### ASSIGNED TASK
Would you give the number of lines in the entries that contain the word "Black"? Nothing else is needed.

### DATA FOR PROCESSING
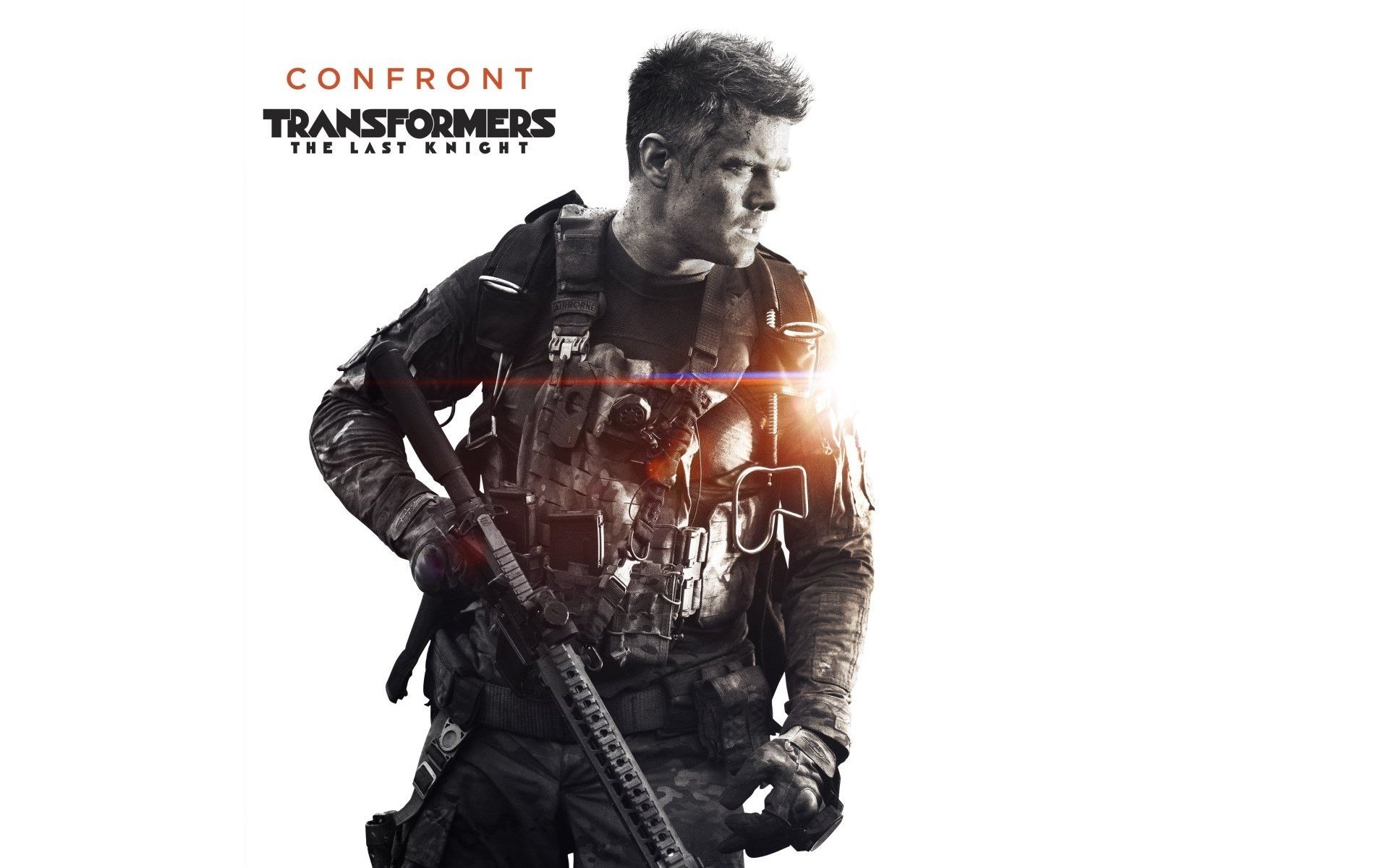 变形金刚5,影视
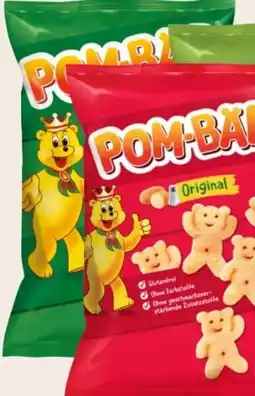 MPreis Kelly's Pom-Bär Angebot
...
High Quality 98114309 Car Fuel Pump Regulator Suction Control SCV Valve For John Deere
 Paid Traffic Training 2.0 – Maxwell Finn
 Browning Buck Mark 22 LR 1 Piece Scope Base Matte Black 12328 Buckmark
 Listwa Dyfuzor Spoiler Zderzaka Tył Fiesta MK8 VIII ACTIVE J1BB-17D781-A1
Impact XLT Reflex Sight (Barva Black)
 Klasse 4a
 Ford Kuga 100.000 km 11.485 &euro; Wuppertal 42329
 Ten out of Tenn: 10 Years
==
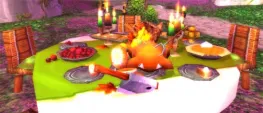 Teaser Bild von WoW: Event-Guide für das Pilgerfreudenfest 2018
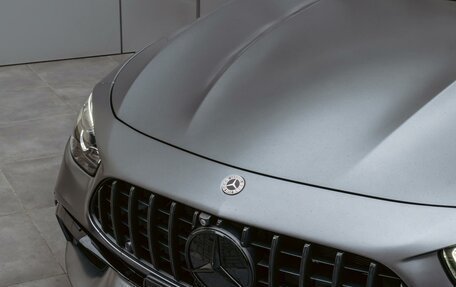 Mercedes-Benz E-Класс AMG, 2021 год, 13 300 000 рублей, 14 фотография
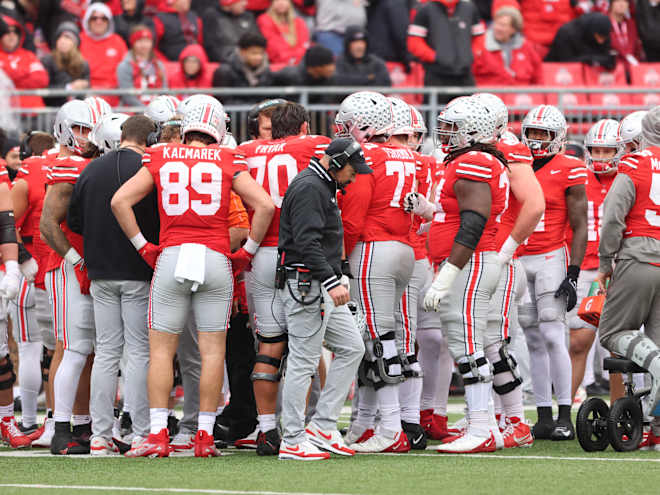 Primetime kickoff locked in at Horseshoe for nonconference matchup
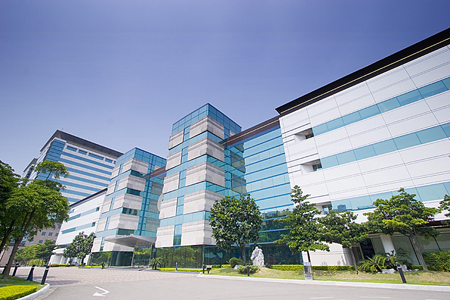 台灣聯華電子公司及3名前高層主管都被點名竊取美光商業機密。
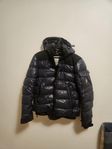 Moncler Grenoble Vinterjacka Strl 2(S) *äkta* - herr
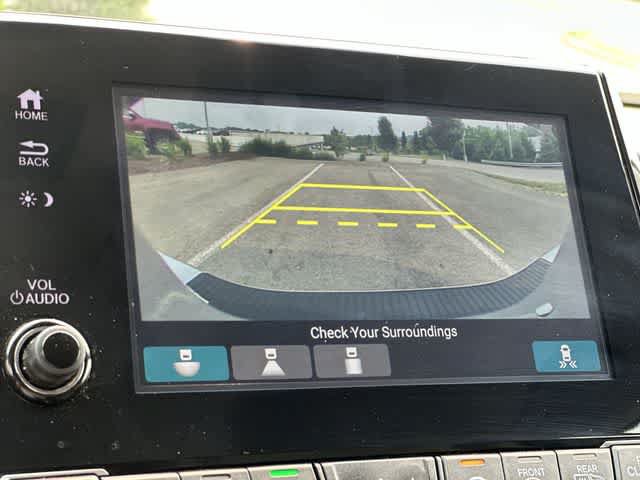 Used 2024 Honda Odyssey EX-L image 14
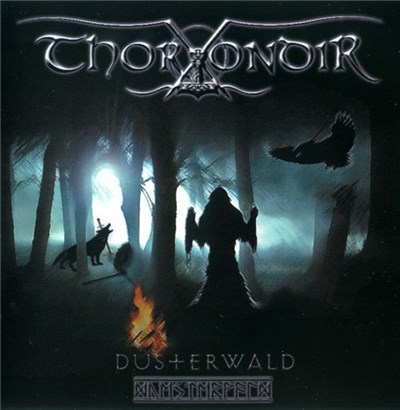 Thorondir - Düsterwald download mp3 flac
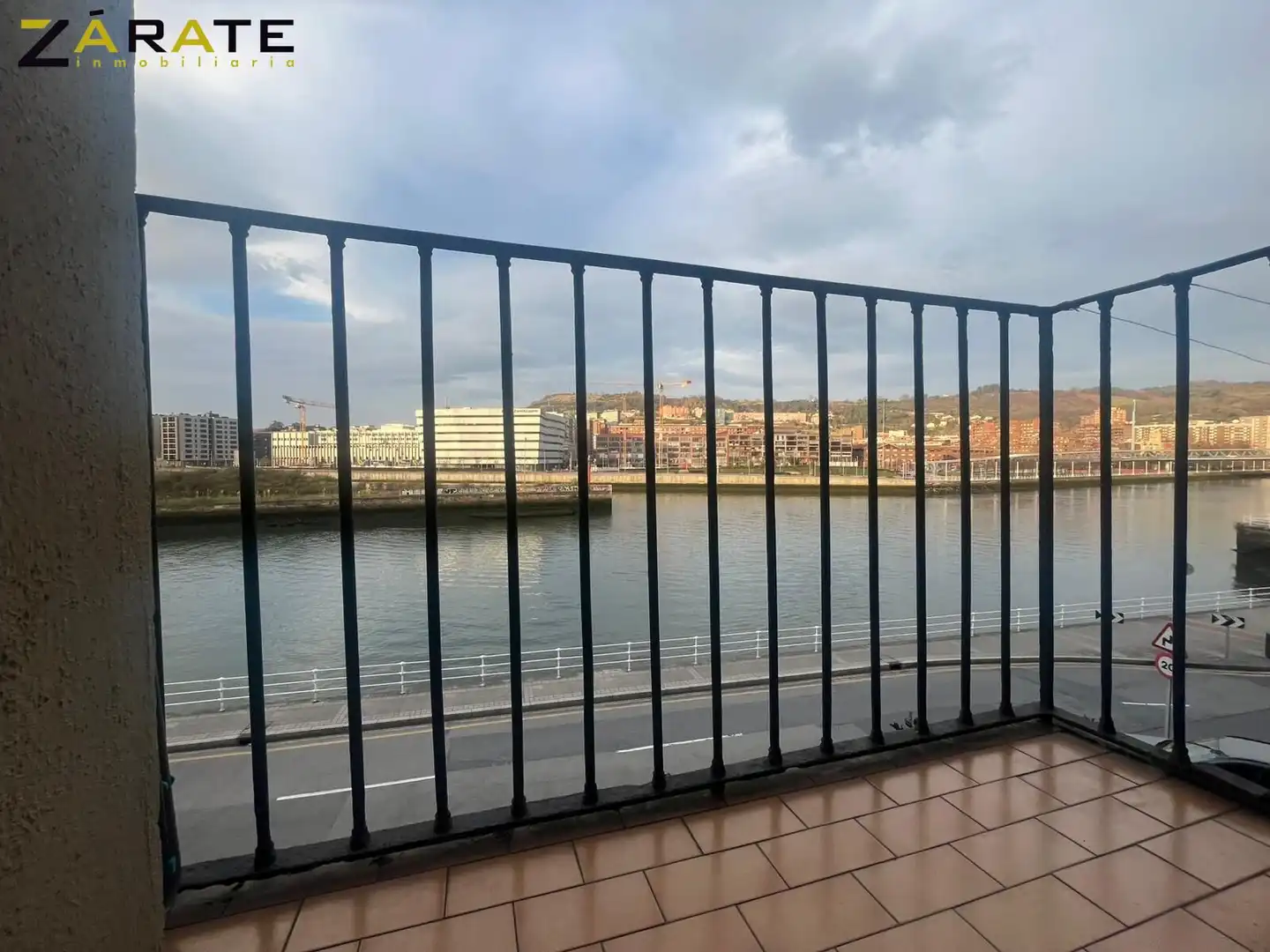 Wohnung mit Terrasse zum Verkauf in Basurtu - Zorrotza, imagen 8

### TASK SOLUTION
2